Black Panther: Wakanda Forever is another phase four entry that is a bit of a mess in the story and pacing department, but it is bookended by gut-punch memorial scenes and excellent performances from the entire cast. [This review will be spoiler-free]
Director: Ryan Coogler
Summary: The people of Wakanda fight to protect their home from intervening world powers as they mourn the death of King T'Challa.
The ongoing theme of all of the phase four Marvel movies is that they are all kind of a mess. Some of the films manage to rebound from being a mess, and some don't; it is a little concerning that all of these stories have been so clunky and weirdly executed. In terms of the scale, Black Panther: Wakanda Forever does recover from its clunky pacing and story for the most part, but it's also a movie where there is very little anyone could have done to make it all less clunky. Everything in this movie is important and leads to other story points so that nothing can be cut. The memorials that bookend the film are obviously off the table regarding things that could be cut to make this movie a little shorter. It clocks in at two hours and forty-one minutes, and, unfortunately, there are times when you very much feel all of those minutes.
The main question everyone will ask the minute they walk into this movie is how they handle the passing of Chadwick Boseman within the film's universe. It won't be spoiled here, but it is very tastefully done and the best possible option that they could have hoped for. Those moments during T'Challa's funeral are a gut punch that really sets the tone for the entire movie. This film is very different from Thor: Love and Thunder.

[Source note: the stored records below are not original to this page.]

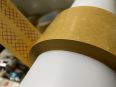 Cigarette forming paper connecting tape non-standard cigarette forming paper flying tape imported from Germany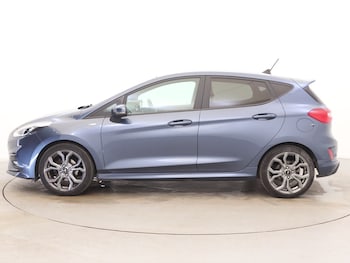 Used Ford Fiesta 2020 for sale - 78038092: Photo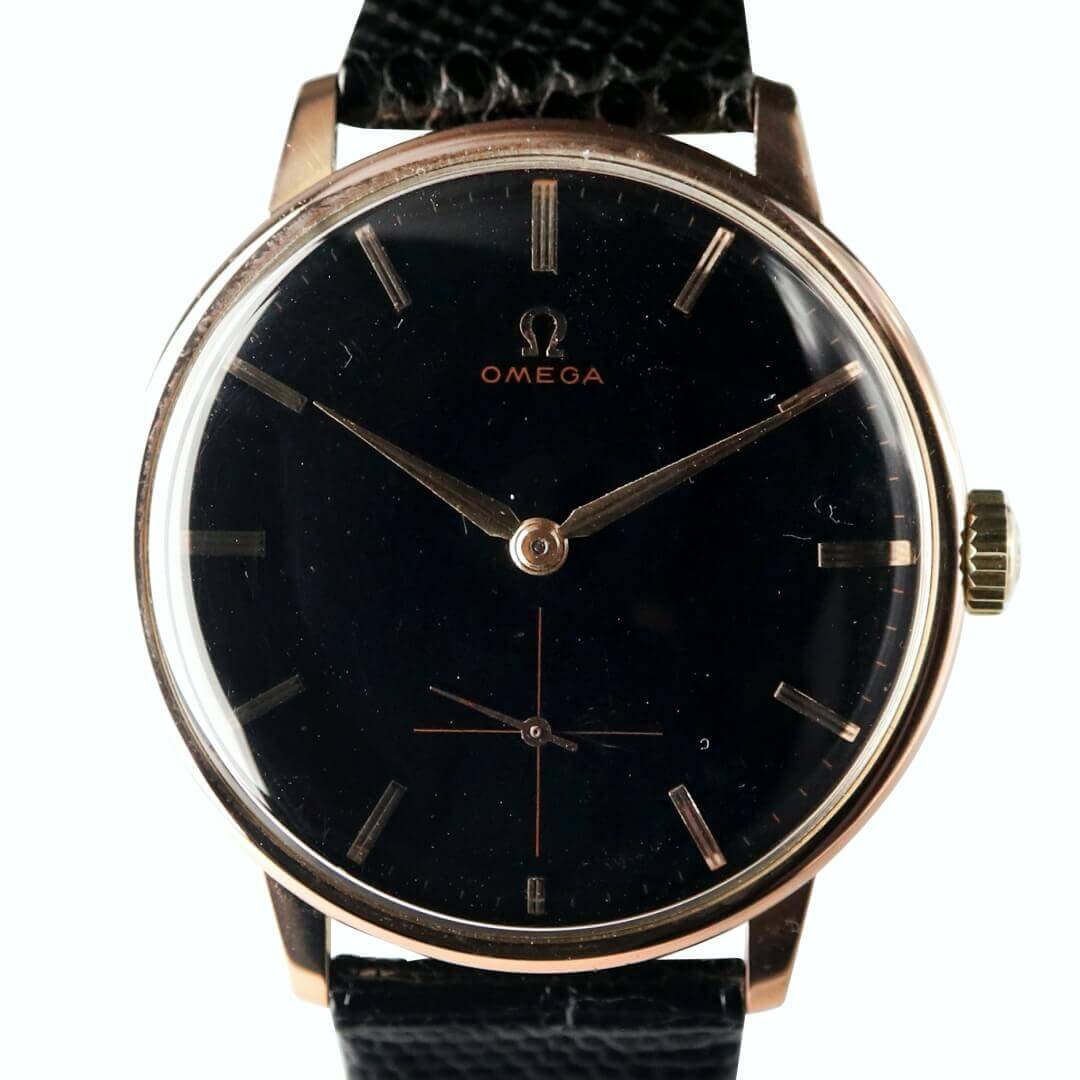 Omega 2933-2, Circa 1960 Men's Vintage Watch - Main Image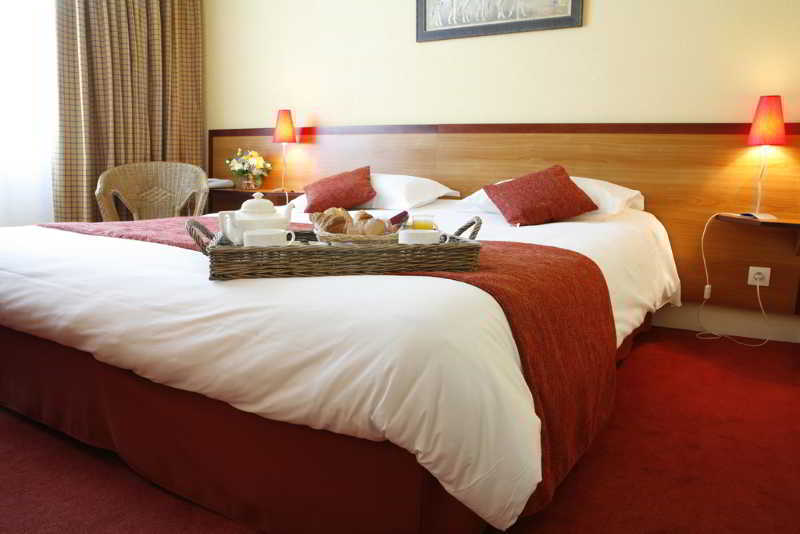 Hotel & Spa Le Maury, Vannes, The Originals Boutique المظهر الخارجي الصورة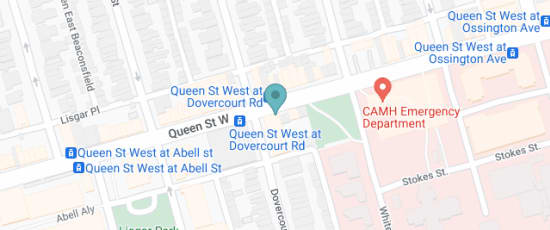1087 Queen St W, Toronto, Canada, ON M6J 1H3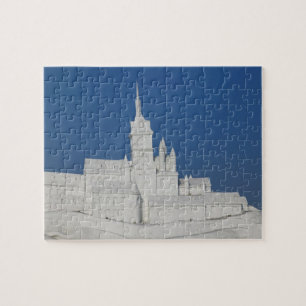 CHINA, Provinz Heilongjiang, Haerbin (Harbin). 3 Puzzle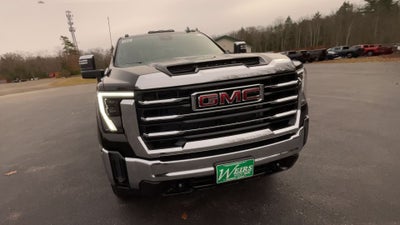 2026 GMC Sierra 3500 HD SLT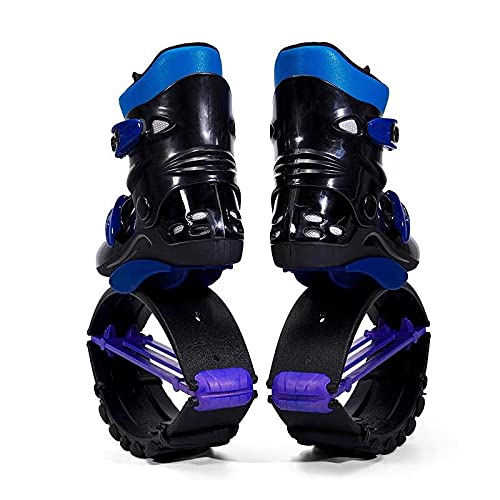 Premium Jump Rope Shoes for Adults - High Bounce Training Sneakers for Exercise & Fitness - Unisex Design Supports 120-300LBS - Ideal for CrossFit, HIIT & Home Workouts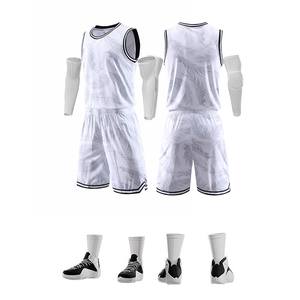 Customizable Men <b>Basketball</b> Jersey Set Blank College Youth Team <b>Basketball</b> Uniforms Suit <b>Basketball</b> Wear Custom Team Name <b>5</b> Sets - Product Image 6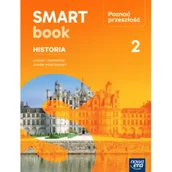 Podręczniki do technikum - Poznać przeszłość 2. Smartbook. Liceum i technikum. Zakres podstawowy - miniaturka - grafika 1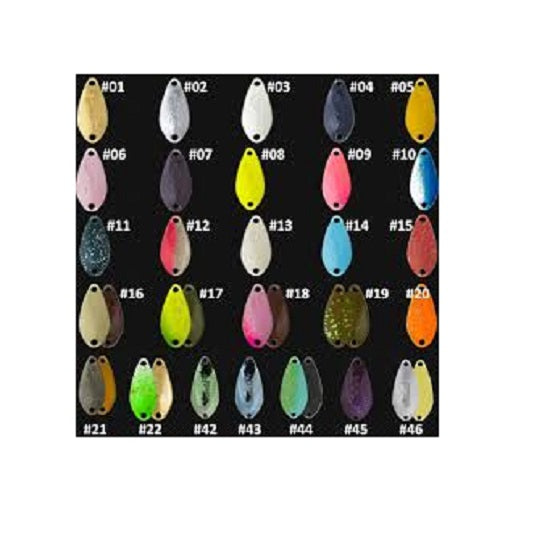 Lingurita Oscilanta Valkein Scheila 1.8g 04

This is a movie looking to do an Up which is "make you cry before the title credits." Producer Nate Moore also spoke about how there is only a post-credits scene because the ending speaks for itself, and ending it any other way wouldn't be right. Moore was correct, and any sort of Marvel world-building bullshit at the end of this movie would not have worked. This is a different breed, very much in its beginning and its ending.

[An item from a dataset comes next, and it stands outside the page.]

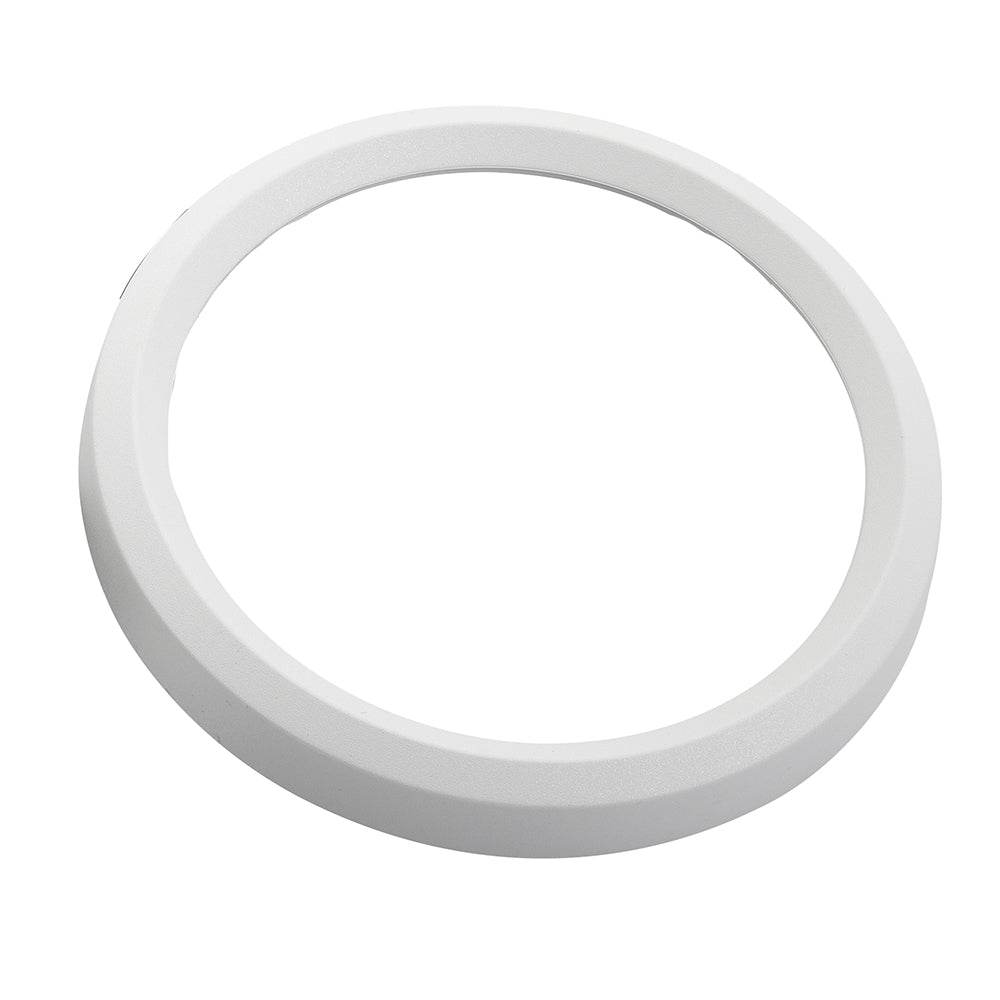 Suncoast Marine and Auto offers Veratron 85mm ViewLine Bezel - Triangular - White [A2C5319292001]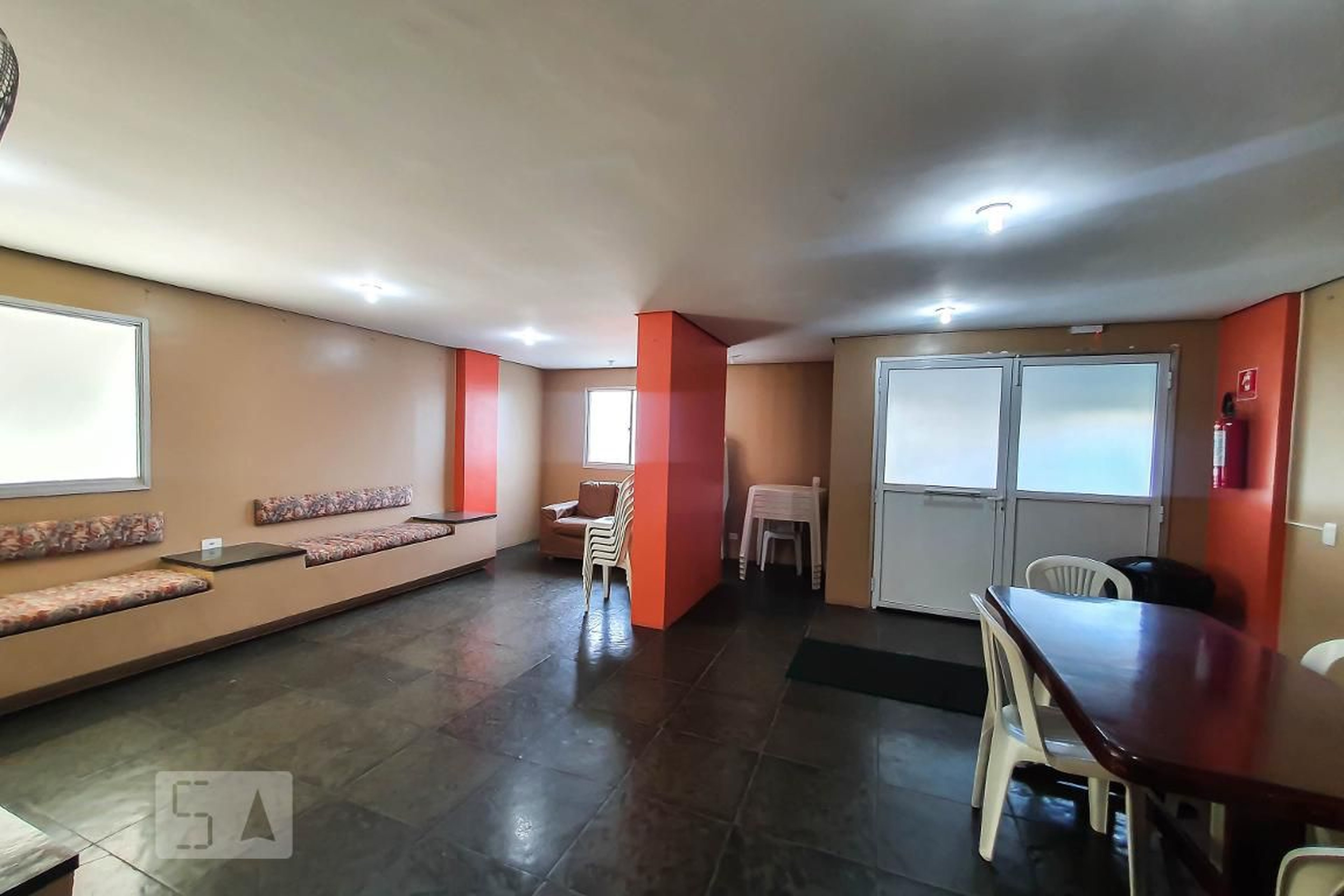 Salão de Festas - Eliana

The rest of the movie is where things are a little more generic in terms of what you expect from a Marvel movie. Black Panther: Wakanda Forever still does an excellent job of pulling us into this world and making us understand the plight that this country is going through now that the King and Protector have passed away. They are vulnerable, and the world is circling like hawks to try and pounce on them. Once again, this is a film that doesn't shy away from the effects of colonialism and how it is very much still going on today. The conflict that leads to Wakanda and Talokan also feels a little too real, even if we're talking about a race of people that live under the water.
The Talokanil and how Black Panther: Wakanda Forever decides to show them is fascinating. If you [like me] were watching the footage and wondering why some of them were blue, but other times it looked like they were not, there is an explanation for that. The movie makes the distinct choice to make the people of Talokan look more human when they are in the water and more otherworldly when they are out. In fact, the explanation for how both the Talokanil and Namor came to be is extremely well done. Tenoch Huerta does an excellent job as Namor all around, capturing that rage he is carrying within him. The film blends real-world historical events with fantastical rather seamlessly.
However, it's also a lot of information that we have to know for later elements of the movie to make sense, and the second act going into the third act of Black Panther: Wakanda Forever is just insanely clunky. This is actually one of the weaker third acts of phase four because it didn't feel like that much of a culmination. The stakes were plenty high, but the action, which takes place in neither Wakanda nor Talokan, makes it visually the least interesting battle or set piece we've seen so far. Ryan Coogler and his team have done an amazing job of creating Wakanda, making it so vibrant and beautiful, and making it feel so lived in. They do the same thing for Talokan as well. But while the location choice for the final set piece makes sense storywise, it feels like such a waste of beautiful world-building. It's one of the reasons the third act feels a little underwhelming despite the movie trying to tell us it's very epic.
Letitia Wright is asked to carry most of Black Panther: Wakanda Forever with Angela Bassett and Huerta there as backup. It's quite a lot for a young actress to take on, and while we can say a lot about Wright's politics; she turns in a strong performance here. We can understand why Shuri reacts the way she does to all of the things that happen throughout the film. We understand her grief turning into anger because that is something so many people have experienced. Bassett's work is also powerful in this film, and you can really feel her pain.
Winston Duke, Danai Gurira, Florence Kasumba, Michaela Coel, and Lupita Nyong'o continue to own almost every scene they are in. Duke and Gurira, in particular, have interesting subplots that are fun to explore. Dominique Thorne is a delight as Riri Williams, and her show will be fantastic. Much in the same way that Iman Vellani walked out as Kamala Khan, and you knew she was a star, Thorne is the same. Once she is introduced, she plays a pivotal role as well, so she isn't a cameo either. That part is for Martin Freeman and his maybe five minutes of screentime.
Black Panther: Wakanda Forever is a little clunky in terms of its story, pacing, and overall execution, but the parts that work, work really well. The love everyone involved in this production had for Boseman can be felt from when the movie starts to when the post-credits scene ends. It's another phase four mess, but it's a mess that manages to make up for it by being emotionally moving and featuring some standout set pieces and world-building.